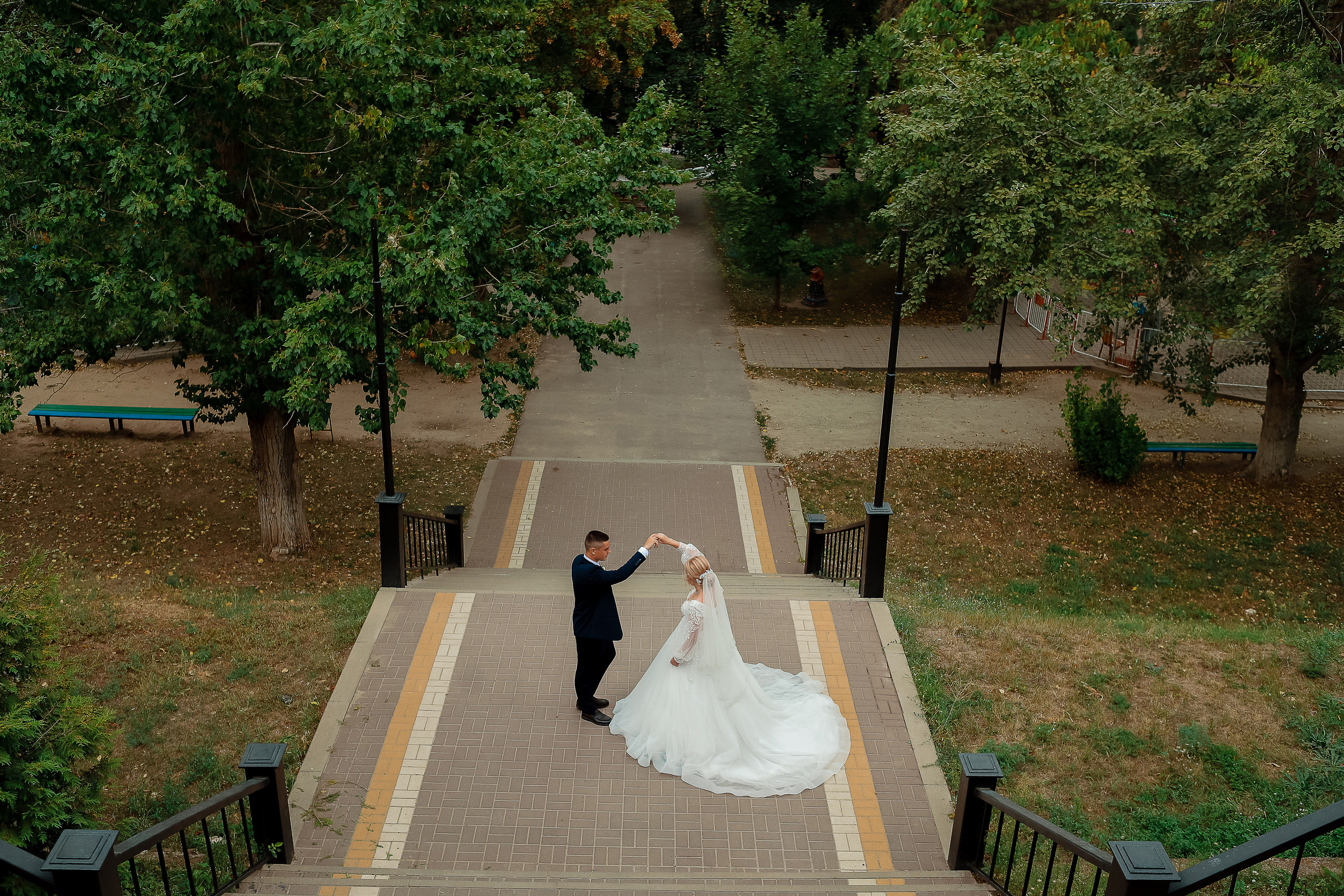 Диана и Денис. Свадебный фотограф Евгения Фролова г. Каменск-Шахтинский, Донецк, Ростов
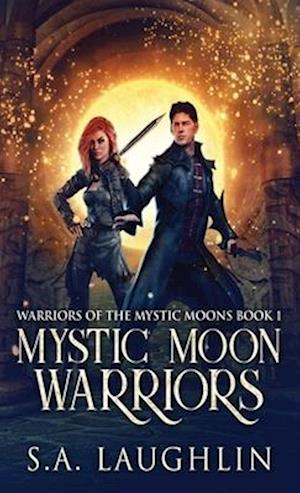 Mystic Moon Warriors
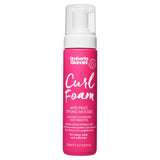 Umberto Giannini Curl Foam Anti Frizz Styling Mousse 200ml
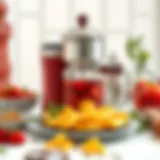 Çay Makinesi Tavsiyesi: En İyi Seçimler için Kapsamlı Bir Rehber Introduction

==============================

PROBLEM STATEMENT.
The line containing "Mystic Moon Warriors" and every line after it, through the end of the material above, are to be printed exactly; no pictures belong in the output.

EXERCISE OUTPUT.
 Mystic Moon Warriors
 Umberto Giannini Curl Foam Anti Frizz Styling Mousse 200ml
 Çay Makinesi Tavsiyesi: En İyi Seçimler için Kapsamlı Bir Rehber Introduction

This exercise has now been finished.